Other legal experts disagree. The Geneva Convention “permits the occupying authority to change judicial institutions to secure the rights of the people,” said Mike Newton of Vanderbilt Law School in Nashville. “The U.S. could have created this tribunal under that authority alone.”
Moreover, even though the original statute creating the court was enacted under the Coalition Provisional Authority that governed Iraq after the 2003 U.S.-led invasion, the “democratically elected sovereign” Iraqi legislature amended the law in August, thereby making the court legitimate, said Michael P. Scharf, professor of law at Case Western Reserve Law School in Cleveland.

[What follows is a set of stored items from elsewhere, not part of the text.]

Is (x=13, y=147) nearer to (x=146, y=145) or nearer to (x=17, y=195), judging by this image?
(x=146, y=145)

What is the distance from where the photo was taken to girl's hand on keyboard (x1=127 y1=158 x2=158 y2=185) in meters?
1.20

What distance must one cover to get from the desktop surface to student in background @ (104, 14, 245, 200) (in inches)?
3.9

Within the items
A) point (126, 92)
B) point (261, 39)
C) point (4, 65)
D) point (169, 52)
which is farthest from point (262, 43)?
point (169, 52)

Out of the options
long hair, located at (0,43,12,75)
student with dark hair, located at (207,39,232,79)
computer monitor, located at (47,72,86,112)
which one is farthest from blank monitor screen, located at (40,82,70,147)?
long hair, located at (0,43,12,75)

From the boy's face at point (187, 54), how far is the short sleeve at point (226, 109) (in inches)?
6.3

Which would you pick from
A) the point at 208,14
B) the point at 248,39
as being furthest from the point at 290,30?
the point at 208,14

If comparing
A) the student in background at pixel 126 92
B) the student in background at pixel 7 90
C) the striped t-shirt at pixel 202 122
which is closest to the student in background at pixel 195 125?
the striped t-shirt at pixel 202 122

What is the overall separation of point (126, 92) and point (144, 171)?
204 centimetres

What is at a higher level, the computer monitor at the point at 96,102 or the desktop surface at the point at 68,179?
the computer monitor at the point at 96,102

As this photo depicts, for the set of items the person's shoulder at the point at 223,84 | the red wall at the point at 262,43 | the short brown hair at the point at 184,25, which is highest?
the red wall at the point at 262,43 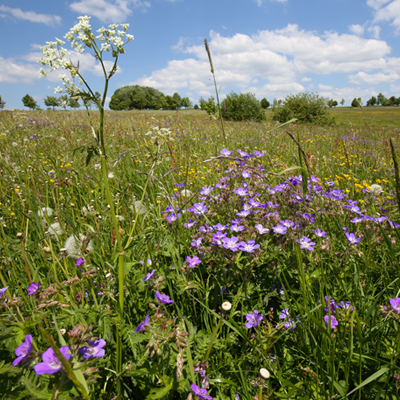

It is absurd to suggest that the United Nations has more right to try Saddam Hussein for attrocities against Iraqis than the people of Iraq.
And this nails it:
The question of the tribunal’s legitimacy is complex and is likely to evolve over time, said Linda Malone, a law professor at the College of William and Mary in Virginia. “It seems to me the model we now see is a repressive government committing atrocities against its own population, destroying the rule of law in that country, and when that regime is deposed either internally or externally, the question is how to punish the perpetrators,” Malone said.
“There are serious questions about the legitimacy of the tribunal,” in part because it is a hybrid, using some Iraqi law and some international law, Malone said.
“I came to the unavoidable conclusion that Saddam should be tried. The question was how. The United Nations was not going to provide any help to a tribunal that had the death penalty,” something the Iraqis insisted on, Malone said.
Malone said she was not surprised that Hussein challenged the legitimacy of the tribunal. On the other hand, she said, “it is ironic to anyone watching this trial that Hussein, who is such an icon of injustice, is now trying to transform himself into the poster boy for fair trials and due process.”
This isn’t victor’s justice. Saddam unquestionably violated the most basic precepts of human law. Even his regime prosecuted murderers.